- **The task**
Count the lines in the records below that contain the word "Picture", and give only that number.

━━━ Records for processing ━━━

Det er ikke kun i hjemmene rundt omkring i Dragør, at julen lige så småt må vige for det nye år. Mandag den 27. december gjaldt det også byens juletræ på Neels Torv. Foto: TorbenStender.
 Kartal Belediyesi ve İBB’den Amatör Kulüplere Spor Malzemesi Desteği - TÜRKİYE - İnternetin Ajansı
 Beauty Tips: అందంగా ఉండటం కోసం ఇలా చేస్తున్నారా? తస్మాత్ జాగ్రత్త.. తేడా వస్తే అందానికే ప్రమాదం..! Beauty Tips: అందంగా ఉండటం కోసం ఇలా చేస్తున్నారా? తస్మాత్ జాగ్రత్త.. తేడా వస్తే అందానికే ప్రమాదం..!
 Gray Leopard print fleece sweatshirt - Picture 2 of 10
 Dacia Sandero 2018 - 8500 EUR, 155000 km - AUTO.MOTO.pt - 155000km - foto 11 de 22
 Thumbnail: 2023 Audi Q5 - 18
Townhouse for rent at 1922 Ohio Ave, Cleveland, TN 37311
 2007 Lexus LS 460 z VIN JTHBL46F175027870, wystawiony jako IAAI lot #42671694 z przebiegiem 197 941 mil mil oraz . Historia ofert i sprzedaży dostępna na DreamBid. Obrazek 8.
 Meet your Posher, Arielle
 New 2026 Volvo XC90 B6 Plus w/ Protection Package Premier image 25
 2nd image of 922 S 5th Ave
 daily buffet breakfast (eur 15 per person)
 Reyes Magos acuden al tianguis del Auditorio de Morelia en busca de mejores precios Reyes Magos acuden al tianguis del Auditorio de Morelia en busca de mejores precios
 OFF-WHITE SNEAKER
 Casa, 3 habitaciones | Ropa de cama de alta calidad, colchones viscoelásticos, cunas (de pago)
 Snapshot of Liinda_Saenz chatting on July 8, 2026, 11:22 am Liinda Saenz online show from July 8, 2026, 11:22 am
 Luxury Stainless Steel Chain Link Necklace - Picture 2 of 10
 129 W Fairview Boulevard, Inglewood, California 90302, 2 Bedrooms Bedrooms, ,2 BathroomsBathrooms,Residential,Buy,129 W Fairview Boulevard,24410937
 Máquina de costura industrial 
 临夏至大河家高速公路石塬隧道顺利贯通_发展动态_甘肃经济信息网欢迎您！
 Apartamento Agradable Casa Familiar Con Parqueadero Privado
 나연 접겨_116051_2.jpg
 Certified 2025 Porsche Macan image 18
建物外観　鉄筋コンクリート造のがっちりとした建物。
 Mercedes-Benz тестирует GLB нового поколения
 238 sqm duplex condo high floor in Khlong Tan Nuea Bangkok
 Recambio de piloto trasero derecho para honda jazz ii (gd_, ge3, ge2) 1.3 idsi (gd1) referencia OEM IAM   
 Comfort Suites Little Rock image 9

━━━

- **The answer**
2